Role of PPARα and Its Agonist in Renal Diseases

Abstract

Peroxisome proliferator-activated receptor (PPAR)-α, a member of a large nuclear receptor superfamily, plays a major role in the regulation of lipid metabolism. Recently, PPARα activation has been shown to confer additional benefits on endothelial function, kidney function, and anti-inflammation, suggesting that PPARα agonists may be good candidates for treating acute renal failure. In clinical application, PPAR-α activators, such as hypolipidemic drugs in fibric acid class, were proven to have therapeutic effects on metabolic syndrome and cardiovascular disease. This paper focuses on signaling pathways, ligand selectivity, and physio-pathological roles of PPARα in kidney diseases and the therapeutic utility of PPARα modulators in the treatment of diabetes and inflammation-induced nephropathy.
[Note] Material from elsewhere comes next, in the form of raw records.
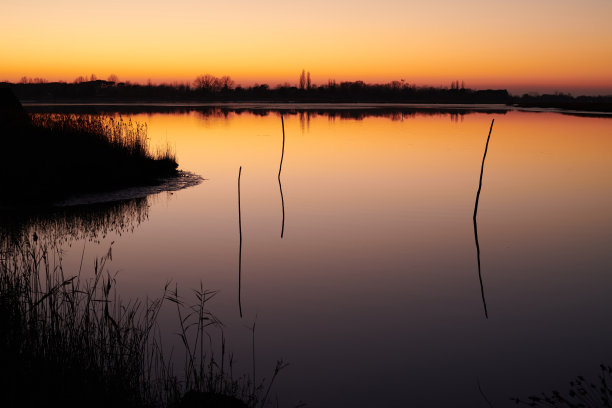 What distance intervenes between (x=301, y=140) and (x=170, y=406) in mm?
28864

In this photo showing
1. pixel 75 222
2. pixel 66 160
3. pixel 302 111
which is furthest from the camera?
pixel 302 111

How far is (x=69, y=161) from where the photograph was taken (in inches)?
560

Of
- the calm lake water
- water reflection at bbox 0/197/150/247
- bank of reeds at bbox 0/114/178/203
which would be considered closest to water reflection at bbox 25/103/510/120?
bank of reeds at bbox 0/114/178/203

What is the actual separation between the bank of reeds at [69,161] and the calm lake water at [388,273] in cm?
148

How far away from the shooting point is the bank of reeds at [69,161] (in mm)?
12992

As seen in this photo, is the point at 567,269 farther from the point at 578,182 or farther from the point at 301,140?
the point at 301,140

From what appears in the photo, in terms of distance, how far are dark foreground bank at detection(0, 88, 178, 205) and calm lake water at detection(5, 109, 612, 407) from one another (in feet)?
4.88

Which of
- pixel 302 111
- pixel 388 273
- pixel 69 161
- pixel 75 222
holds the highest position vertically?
pixel 302 111

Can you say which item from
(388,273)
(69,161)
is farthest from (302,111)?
(388,273)

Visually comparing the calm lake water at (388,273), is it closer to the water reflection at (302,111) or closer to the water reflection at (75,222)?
the water reflection at (75,222)

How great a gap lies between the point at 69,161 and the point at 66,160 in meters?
0.08

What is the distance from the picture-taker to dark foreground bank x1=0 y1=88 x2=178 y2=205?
42.5ft

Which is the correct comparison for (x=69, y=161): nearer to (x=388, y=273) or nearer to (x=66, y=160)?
(x=66, y=160)

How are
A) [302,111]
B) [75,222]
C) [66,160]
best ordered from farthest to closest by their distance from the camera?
[302,111] < [66,160] < [75,222] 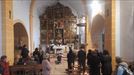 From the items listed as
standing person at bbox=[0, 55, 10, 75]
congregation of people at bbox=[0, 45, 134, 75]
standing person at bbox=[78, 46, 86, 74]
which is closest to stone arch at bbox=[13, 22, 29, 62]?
congregation of people at bbox=[0, 45, 134, 75]

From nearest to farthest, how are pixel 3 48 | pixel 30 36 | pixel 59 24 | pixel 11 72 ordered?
1. pixel 11 72
2. pixel 3 48
3. pixel 30 36
4. pixel 59 24

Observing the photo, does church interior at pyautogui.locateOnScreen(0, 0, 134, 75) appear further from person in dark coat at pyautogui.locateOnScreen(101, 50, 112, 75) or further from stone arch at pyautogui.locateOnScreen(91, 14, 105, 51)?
person in dark coat at pyautogui.locateOnScreen(101, 50, 112, 75)

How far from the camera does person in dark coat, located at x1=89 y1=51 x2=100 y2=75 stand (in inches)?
462

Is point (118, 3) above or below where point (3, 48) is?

Implication of new and more potent PPAR-α activators could provide important insights into the overall benefits of activating PPAR-α clinically for the treatment of dyslipidemia and the prevention of diabetic or inflammation-induced nephropathy in the future.

Figure 1

Schematic diagram presenting the signaling pathways of PPARα involved in the mechanisms of ischemic/reperfusion-, drugs-, or diabetic-induced renal damage. PPARα forms heterodimer with RXR. In the absence of ligands, the dimer may recruit a corepressor, inhibiting PPARα-mediated transcription of target genes. The presence of an agonist, or an activator such as PGI2, triggers the recruitment of a coactivator complex which induces transcriptional activity of PPARα onto its target genes. This leads to an increase in fatty acid catabolism and adenosine triphosphate (ATP) production, also to decrease the levels of cytotoxic fatty acid peroxidation (PO_x) products, and, consequently, to promote cell viability and inhibit renal epithelium cell death. In addition, PPARα complex can attenuate NFκB-induced inflammatory factors (IL-6, INFγ, or TNFα) induced by ischemic/reperfusion injury (I/R) or drugs. Furthermore, PPARα complex can inhibit masengial matrix proliferation induced by TGFβ or reactive oxidative stress (ROS) which then resulted in albuminuria. After SUMOylation of PPARα, SUMOylated PPARα resulted in downregulation of its transcriptional activity by promoting its interaction with the corepressor NCoR, which will compromise cell viability and activate cell death processes. CoAct, coactivator; DM, diabetes mellitus; FAO, fatty acid oxidation; FFA, free fatty acid; IFNγ, interferon γ; IL-6, interleukine-6; I/R, ischemia/reperfusion; NCoR, nuclear corepressor; NF-κB, nuclear factor-κB; PGI2, prostacyclin; POx, peroxidation; PPARα, peroxisome proliferator-activated receptor-α; RXR, retinoid X receptor; TGFβ, tumor growth factor β; TNFα, tumor necrosis factor α.